Speaking about women in STEM, what is some advice you would offer to young women who are looking to go into the field?

JR:Well there’s two pieces of advice. The first is that you have to have a really thick skin because you’re going to stand out, no matter what it is you do and people will make it difficult for you. You have to weather the difficulties and continue to persevere because at some point you’re going to be the only woman in the room. And if you’re a woman of color, you’re going to stand out even more and so you have to get used to that and you have to have a thick skin. 

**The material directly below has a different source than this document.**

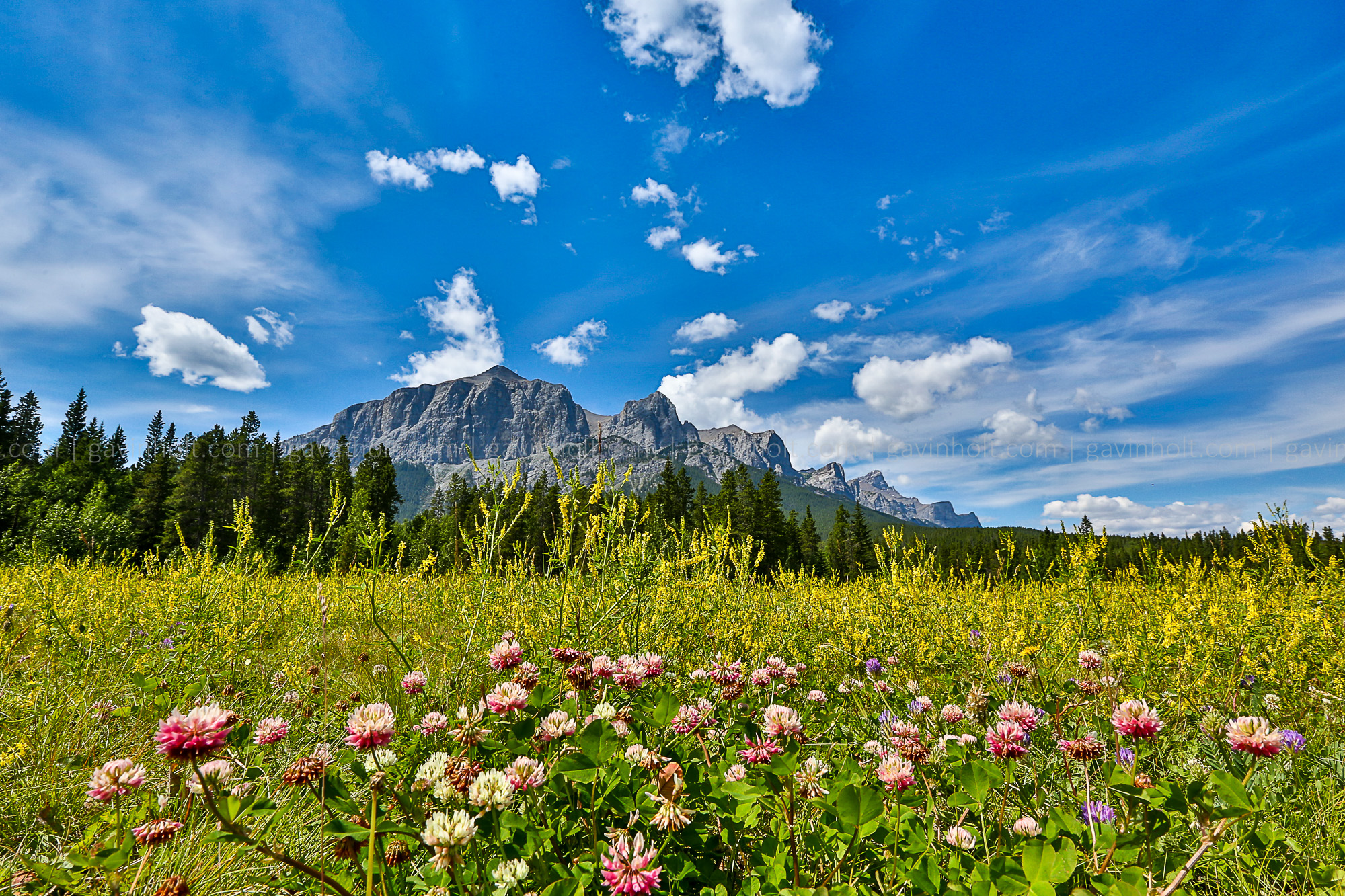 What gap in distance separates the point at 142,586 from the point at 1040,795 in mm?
8880

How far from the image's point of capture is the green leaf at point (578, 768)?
132 cm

The second thing is and this goes not just for women, but goes for anyone in science. You have to be really flexible and you have to constantly push yourself out of your comfort zone scientifically. The field of bioscience is getting more interdisciplinary so you have to be really willing to constantly learn something new and then retain that and build on it. If you can do that you make yourself really valuable to the organization and then it doesn’t matter what gender you identify with. 

Finally, to wrap up, what does the word “beauty” mean to you? 

JR:I think it means something different when you’re aging than when you’re young. There’s what beauty means—what it should mean and what it really means. Everybody talks about inner beauty, but I think it really means what you look like on the outside, unfortunately. For people who are aging, I think it’s whether you’re healthy or not, whether you look like you’re healthy. A lot of that is how you carry yourself: if you exude confidence, if you’re animated, if you have that glow about you. It comes in all shapes and sizes. There’s no one look that I think “beauty” is associated with if someone is really taking care of themselves. 

This conversation has been edited and condensed for clarity.